The cost of marijuana concentrates varies greatly depending on which Canadian province it’s purchased in. A person purchasing a concentrate in one province might pay up to 3 times as much for that same product in a different province.
Manitoba and Saskatchewan have different regulations where the province isn’t the wholesaler, which helps keep pricing affordable for marijuana users, CBC reported. A recent analysis of 36 identical products sold in both British Columbia and Ontario showed that 25 of those products cost much more in Ontario.
Ontario seems to be charging about 32.5% more for the same products that are sold in British Columbia. For example, a 10 mg Softgels sells in Ontario for $76.10, for $54.99 in Nova Scotia, for $34.99 in Prince Edward Island and for $29.99 in Newfoundland.
The big differences in price is causing some Canadians to ration their doses or buy from the black market.

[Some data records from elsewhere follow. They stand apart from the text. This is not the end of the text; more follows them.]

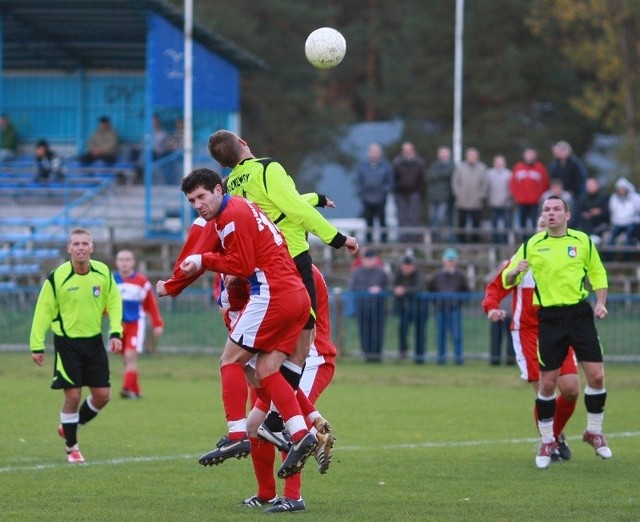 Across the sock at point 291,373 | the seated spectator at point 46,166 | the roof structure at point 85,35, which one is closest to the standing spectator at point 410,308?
the roof structure at point 85,35

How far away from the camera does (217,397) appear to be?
55.7 feet

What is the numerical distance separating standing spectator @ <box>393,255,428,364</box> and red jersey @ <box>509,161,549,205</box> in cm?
546

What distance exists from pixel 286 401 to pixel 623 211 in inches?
752

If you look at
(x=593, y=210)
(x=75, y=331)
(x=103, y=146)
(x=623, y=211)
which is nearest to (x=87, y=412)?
(x=75, y=331)

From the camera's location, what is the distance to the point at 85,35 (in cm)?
3244

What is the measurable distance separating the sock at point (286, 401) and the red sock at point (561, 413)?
370 cm

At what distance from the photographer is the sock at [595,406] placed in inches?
431

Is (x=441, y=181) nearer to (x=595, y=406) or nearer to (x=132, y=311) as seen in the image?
(x=132, y=311)

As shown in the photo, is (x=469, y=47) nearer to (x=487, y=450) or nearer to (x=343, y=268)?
(x=343, y=268)

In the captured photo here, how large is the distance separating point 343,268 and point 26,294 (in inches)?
317

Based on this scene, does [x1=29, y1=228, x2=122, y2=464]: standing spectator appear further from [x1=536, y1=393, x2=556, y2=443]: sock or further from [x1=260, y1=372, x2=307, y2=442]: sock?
[x1=536, y1=393, x2=556, y2=443]: sock

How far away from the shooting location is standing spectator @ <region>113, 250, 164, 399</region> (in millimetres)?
16547

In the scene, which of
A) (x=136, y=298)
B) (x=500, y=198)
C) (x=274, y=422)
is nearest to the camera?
(x=274, y=422)

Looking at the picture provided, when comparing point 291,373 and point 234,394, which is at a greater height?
point 291,373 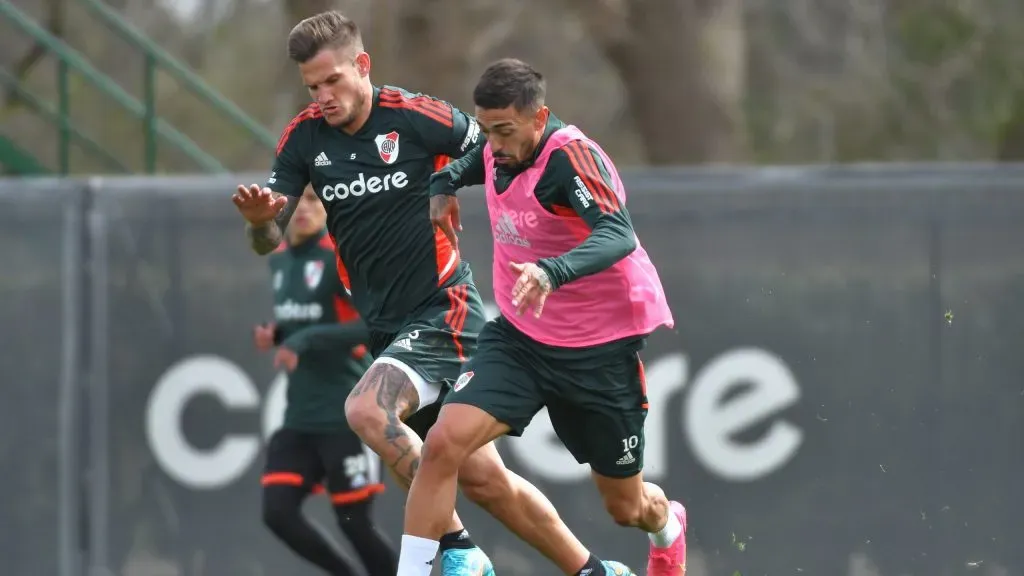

Rishi Malkani said, “Each of the provincial wholesalers negotiates separate agreements with the producers, so depending on what [the provincial government] thought in terms of how much they should buy, how much their demand is going to be, they’re going to be able to negotiate different kinds of discounts.”
Smaller provinces are likely to purchase less concentrates due to lower populations, which could hurt the negotiating process causing the province to have to purchase less at a higher price. Several factors come into play including transportation costs and taxes.
The Canadian government may have to step in and help regulate the massive price differences to help curb the black market.